Chapter 2 Working in a Programming Language

2.1 Different languages and humanities computing.

Different computer languages serve different purposes. If you have taken ever taken an introductory computer science course, you might have learned a different language, like Python, Java, C, or Lisp.

Although computing languages are equivalent in a certain, abstract sense, they each channel you towards thinking in particular ways. As I say in chapter 2, computers offer a variety of formal languages for describing things; each of these languages emphasizes a different thing.

Which of these languages is best? It depends on what you want to do. For creating rich, user-oriented experiences, javascript and the open web is best.

What R–especially tidyverse R–does well is encourage you to move from thinking about programming to thinking about data. Exploratory data analysis which operates on a particular base class, the ‘dataframe’ or (for short) ‘tibble.’ We’ll talk about this more in Chapter 3; but a dataframe represents a structured collection of data much like an Excel spreadsheet or database table. This gives a coherent, basic framework for describing any data set. The things that you can do with a dataframe

If you only learn a single language, there’s a strong argument that it should Python, which is a widespread language that can do anything and frequently run quite quickly. If you want to learn to create code, Python is a better language.

But python generally promotes a specific kind of thinking about how you can get a problem done that revolves around thinking like a computer.

The closest analogues to these in other languages are less elegant and less well thought out. Python has widely used tool called pandas for analyzing data that is fast, powerful, and effective. But it is also more challenging for beginners than it need be. If you Google problems you’ll be confronted with a variety of different ways to solve a problem. Ten years ago, one big advantage of python over R was that it had a small standard library, cleaner syntax, and promoted a single way to do things effectively. One of the great ironies of modern data science is that, for programming with data, the situation has almost completely reversed; pandas give you a bewildering number of different ways to join data frames, to access their rows or columns, or to walk through the rows. The tidyverse does a better job enforcing a particular approach.

If you want to learn programming, there’s a good argument for learning python. Although if you just want to get things done, there’s an equally strong case for Javascript: and if you really want to understand computers, you should take a month learning to write in Haskell, or Lisp, or C.

2.2 The case for R.

In this class, you will have to do some coding as well as just thinking about data analysis in the humanities.
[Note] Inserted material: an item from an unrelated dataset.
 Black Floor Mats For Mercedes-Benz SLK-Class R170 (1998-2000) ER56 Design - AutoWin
If you’ve never coded before, this will be frustrating from time to time. (In fact, if you’ve done a lot of coding before, it will still be frustrating!)
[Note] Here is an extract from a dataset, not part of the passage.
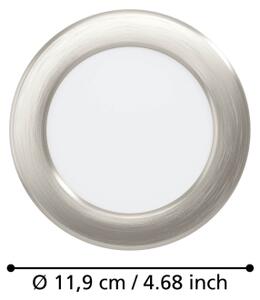 Eglo 901405 - Вградено LED осветително тяло FUEVA LED/6,3W/230V Ø11,9 см хром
We’ll be working entirely in the “R” language, developed specifically for statistical computing. This has three main advantages for the sort of work that historians do:

  1. It is easy to download and install, though the program RStudio. This makes it easy to do “scripting,” rather than true programming, where you can test your results step by step. It also means that R takes the least time to get from raw data to pretty plots of anything this side of Excel. RStudio also offers a number of features that make it easier to explore data interactively.

  2. It has a set of packages–tidyverse (wickham_welcome_2019?)– that are especially designed for teaching and introductory exploration. These packages, whose names you will scattered through this text, are ggplot2, tidyr, dplyr, and the like. These are not core R libraries, but they are widely used and offer the most intellectually coherent approach to data analysis and presentation of any computing framework in existence. That means that even if you don’t use these particular tools in the future, working with them should help you develop a more coherent way of thinking about what data is from the computational side, and what you as a humanist might be able to do with it. These tools are rooted in a long line of software based on making it easy for individuals to manipulate data: read the optional source on the history of database populism to see more. The ways of thinking you get from this will serve you will in thinking about relational databases, structured data for archives, and a welter of other sources.

  3. It is free: both “free as in beer,” and “free as in speech,” in the mantra of the Free Software Foundation. That means that it–like the rest of the peripheral tools we’ll talk about–won’t suddenly become inaccessible if you lose a university affiliation.

Every computer language is an accretion of cultural history; knowing a little bit about R will help you to understand what’s happening in it.

R, the programming language, dates back to the 1970s. During the heyday of Bell Labs in the 1970s, researchers built a variety of tools for working with different computer systems, including the language C that has influenœced most low-level program design since, and the operating system Unix that provides the foundation for many modern computing systems from Apple laptops to Amazon servers to Android phones.

John Chambers developed a language called “S” at Bell Labs with several goals that continue to influence the language’s design. One was to provide a way to use, in a more human notation, the blazingly fast linear algebra routines that undergird all sorts of work in math, statistics, and visualization. Another was to facilitate more sophisticated, exploratory data visualization.

In the 1990s, two statisticians in New Zealand, Ross Ihaka and Robert Gentleman, created an open source version of S called “R” that could be freely distributed without worrying about AT&T’s old patents. By virtue of being free, that language has slowly displaced Stata and SPSS, the other major statistical computing environments of the 1980s and 1990s.

2.3 The case for Python

If you plan to learn only one computer language in your life, there’s a good case right now for having it be Python. Python is a clean, general-purpose language with wide support. You’ll find more online courses, more answers to forums, and more neighbors down the hall who have some experience in Python than almost any other language.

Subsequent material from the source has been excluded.